━━ Dataset records ━━

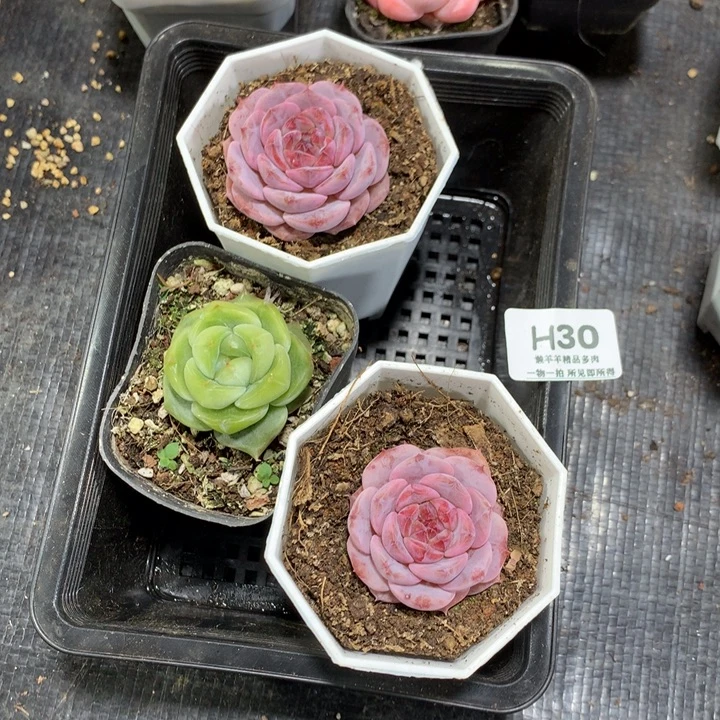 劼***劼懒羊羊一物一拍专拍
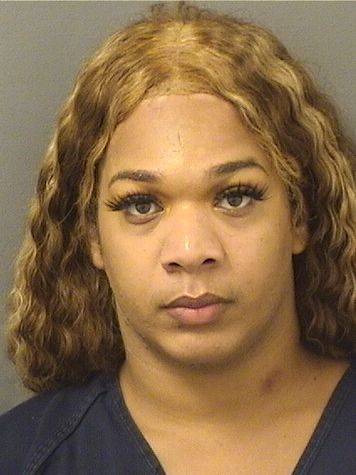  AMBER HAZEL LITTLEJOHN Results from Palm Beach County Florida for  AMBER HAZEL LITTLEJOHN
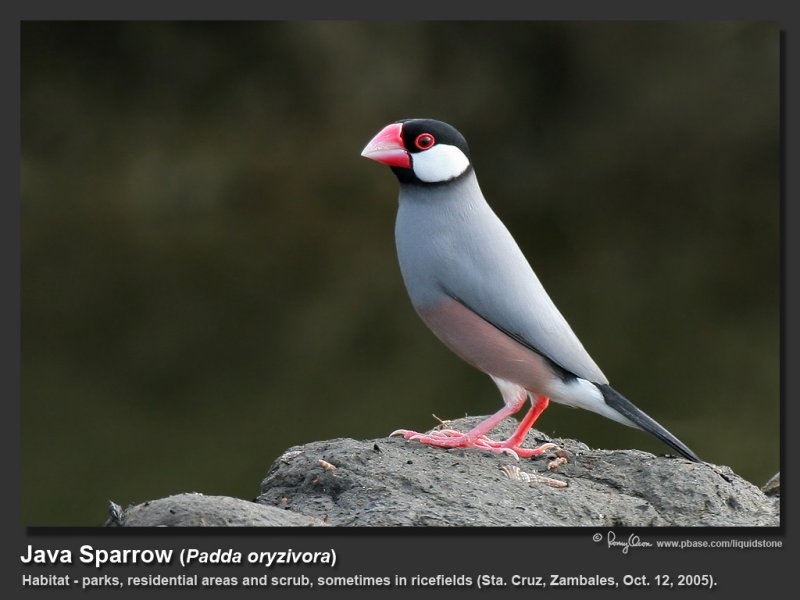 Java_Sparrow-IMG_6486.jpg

━━━
━━ Dataset records ━━

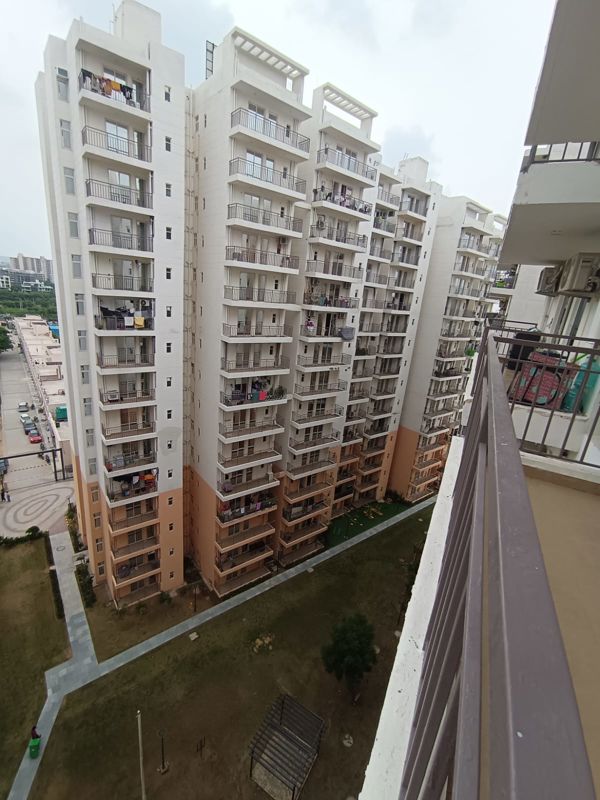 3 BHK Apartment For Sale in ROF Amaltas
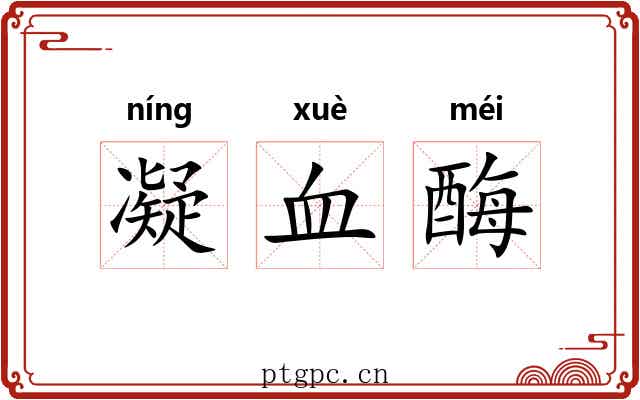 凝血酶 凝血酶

━━━

**What is being asked**: How would the lines above read from the one with "劼***劼懒羊羊一物一拍专拍" to the one with "Java_Sparrow-IMG_6486.jpg", inclusive, with no pictures? Write them out exactly.

**Task result**:
 劼***劼懒羊羊一物一拍专拍
  AMBER HAZEL LITTLEJOHN Results from Palm Beach County Florida for  AMBER HAZEL LITTLEJOHN
 Java_Sparrow-IMG_6486.jpg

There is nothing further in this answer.